Speaker: Minghong Fang

Date: Feb 28, 11:45am–12:45pm

Abstract: Federated learning is a distributed machine learning approach that enables multiple clients (e.g., smartphones, IoT devices, and edge devices) to collaboratively learn a model with help of a server, without sharing their raw local data. Due to its potential promise of protecting private or proprietary user data, and in light of emerging privacy regulations such as GDPR, federated learning has become a central playground for innovation. However, due to its distributed nature, federated learning is vulnerable to poisoning attacks. In this talk, we will discuss local model poisoning attacks to federated learning, in which malicious clients send carefully crafted local models or their updates to the server to corrupt the global model. Moreover, we will discuss our work on building federated learning methods that are secure against a bounded number of malicious clients.

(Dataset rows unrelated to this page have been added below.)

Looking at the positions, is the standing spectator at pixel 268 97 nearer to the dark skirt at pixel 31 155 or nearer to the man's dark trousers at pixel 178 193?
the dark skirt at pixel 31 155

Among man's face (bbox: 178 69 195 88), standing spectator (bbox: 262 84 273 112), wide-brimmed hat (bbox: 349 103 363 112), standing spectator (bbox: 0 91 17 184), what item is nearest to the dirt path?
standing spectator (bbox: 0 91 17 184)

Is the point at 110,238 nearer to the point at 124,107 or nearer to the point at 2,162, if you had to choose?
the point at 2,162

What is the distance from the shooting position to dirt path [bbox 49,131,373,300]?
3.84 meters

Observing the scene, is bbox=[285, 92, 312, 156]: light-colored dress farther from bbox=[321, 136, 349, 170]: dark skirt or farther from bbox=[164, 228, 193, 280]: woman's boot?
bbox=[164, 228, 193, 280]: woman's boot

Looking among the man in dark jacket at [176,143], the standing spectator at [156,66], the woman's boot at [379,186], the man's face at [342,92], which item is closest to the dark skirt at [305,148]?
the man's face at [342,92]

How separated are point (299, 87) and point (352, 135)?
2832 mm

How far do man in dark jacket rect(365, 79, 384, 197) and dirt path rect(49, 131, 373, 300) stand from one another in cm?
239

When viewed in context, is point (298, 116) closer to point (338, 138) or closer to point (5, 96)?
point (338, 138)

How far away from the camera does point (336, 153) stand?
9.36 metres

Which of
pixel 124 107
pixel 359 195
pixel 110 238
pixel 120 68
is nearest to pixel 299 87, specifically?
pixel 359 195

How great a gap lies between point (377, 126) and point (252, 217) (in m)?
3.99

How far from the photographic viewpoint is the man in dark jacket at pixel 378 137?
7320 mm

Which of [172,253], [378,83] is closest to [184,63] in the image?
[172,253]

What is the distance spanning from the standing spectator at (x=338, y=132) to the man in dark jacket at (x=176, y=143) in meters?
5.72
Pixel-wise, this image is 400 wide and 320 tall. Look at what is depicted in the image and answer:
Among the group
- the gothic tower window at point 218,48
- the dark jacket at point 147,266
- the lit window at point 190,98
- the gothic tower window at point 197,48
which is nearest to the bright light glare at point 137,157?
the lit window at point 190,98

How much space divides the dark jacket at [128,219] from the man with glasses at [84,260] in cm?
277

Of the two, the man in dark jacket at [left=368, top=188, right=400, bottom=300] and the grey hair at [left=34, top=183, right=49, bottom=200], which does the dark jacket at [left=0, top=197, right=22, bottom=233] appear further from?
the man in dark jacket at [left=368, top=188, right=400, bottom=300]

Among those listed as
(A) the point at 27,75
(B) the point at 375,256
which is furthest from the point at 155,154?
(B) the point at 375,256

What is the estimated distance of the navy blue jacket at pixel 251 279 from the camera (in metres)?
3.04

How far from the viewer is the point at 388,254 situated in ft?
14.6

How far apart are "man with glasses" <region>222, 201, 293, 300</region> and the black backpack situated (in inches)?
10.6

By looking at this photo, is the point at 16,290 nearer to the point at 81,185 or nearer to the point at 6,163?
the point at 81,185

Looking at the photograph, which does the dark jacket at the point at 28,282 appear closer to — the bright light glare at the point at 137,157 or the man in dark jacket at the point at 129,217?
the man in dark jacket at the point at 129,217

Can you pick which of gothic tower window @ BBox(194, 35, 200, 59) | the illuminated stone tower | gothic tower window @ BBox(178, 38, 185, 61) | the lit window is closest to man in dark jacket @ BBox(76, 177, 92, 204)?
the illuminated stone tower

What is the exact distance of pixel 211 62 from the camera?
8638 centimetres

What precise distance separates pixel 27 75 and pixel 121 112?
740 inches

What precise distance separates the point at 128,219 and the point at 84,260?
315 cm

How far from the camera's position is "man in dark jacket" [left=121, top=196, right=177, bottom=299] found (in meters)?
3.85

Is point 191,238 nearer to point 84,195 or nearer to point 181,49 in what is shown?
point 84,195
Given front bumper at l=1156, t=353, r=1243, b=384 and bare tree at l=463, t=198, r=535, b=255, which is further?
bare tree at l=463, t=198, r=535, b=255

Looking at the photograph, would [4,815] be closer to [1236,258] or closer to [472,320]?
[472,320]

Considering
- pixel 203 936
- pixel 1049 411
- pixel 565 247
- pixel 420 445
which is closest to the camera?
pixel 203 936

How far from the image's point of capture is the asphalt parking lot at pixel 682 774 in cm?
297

Biographical Sketch: Minghong Fang is a Postdoctoral Associate in the Department of Electrical and Computer Engineering at Duke University. He earned his Ph.D. in the Department of Electrical and Computer Engineering at The Ohio State University. His research interests lie broadly in the span of machine learning, security, privacy, with a recent focus on the intersection among them. He is also interested in the distributed optimization for learning and networking. His research has been published in top-tier security, machine learning and networking venues, such as USENIX Security, NDSS, ICLR, The Web Conference (WWW), MobiHoc, etc. His USENIX Security 2020 paper has been selected as one of the “Normalized Top-100 Security Papers since 1981”.